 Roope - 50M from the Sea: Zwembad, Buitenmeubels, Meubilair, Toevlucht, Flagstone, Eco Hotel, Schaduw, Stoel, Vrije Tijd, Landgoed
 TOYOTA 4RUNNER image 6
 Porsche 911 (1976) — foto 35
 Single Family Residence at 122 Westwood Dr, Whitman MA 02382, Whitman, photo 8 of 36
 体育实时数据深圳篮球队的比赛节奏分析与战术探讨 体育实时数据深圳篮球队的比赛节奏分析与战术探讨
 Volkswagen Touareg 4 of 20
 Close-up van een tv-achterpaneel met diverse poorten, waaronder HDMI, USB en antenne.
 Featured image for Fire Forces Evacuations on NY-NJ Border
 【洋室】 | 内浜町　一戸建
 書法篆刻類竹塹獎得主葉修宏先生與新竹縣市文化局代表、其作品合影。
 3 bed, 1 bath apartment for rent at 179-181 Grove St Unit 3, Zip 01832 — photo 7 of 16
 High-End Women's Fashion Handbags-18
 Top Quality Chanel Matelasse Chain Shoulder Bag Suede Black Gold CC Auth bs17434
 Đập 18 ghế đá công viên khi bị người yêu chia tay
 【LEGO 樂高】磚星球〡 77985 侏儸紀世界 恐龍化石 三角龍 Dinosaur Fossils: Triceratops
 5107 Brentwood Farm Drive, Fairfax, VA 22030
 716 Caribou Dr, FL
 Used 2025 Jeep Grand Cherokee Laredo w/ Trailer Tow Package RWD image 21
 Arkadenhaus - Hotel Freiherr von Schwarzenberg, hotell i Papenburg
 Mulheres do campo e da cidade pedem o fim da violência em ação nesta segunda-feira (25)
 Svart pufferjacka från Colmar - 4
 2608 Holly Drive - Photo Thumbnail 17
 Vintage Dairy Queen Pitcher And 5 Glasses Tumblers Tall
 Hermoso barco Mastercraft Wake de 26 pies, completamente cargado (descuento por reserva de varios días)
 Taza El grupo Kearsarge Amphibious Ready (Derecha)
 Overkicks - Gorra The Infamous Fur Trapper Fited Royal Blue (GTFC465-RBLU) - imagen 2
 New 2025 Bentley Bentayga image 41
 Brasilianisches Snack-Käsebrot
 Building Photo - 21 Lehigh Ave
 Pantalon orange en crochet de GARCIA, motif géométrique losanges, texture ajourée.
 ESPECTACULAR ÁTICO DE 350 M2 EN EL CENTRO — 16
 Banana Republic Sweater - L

§ **WHAT THE EXERCISE ASKS**:
All lines from the one with "Vintage Dairy Queen" through the end of the data must be repeated exactly, and nothing else may be repeated.

§ **WRITTEN SOLUTION**:
 Vintage Dairy Queen Pitcher And 5 Glasses Tumblers Tall
 Hermoso barco Mastercraft Wake de 26 pies, completamente cargado (descuento por reserva de varios días)
 Taza El grupo Kearsarge Amphibious Ready (Derecha)
 Overkicks - Gorra The Infamous Fur Trapper Fited Royal Blue (GTFC465-RBLU) - imagen 2
 New 2025 Bentley Bentayga image 41
 Brasilianisches Snack-Käsebrot
 Building Photo - 21 Lehigh Ave
 Pantalon orange en crochet de GARCIA, motif géométrique losanges, texture ajourée.
 ESPECTACULAR ÁTICO DE 350 M2 EN EL CENTRO — 16
 Banana Republic Sweater - L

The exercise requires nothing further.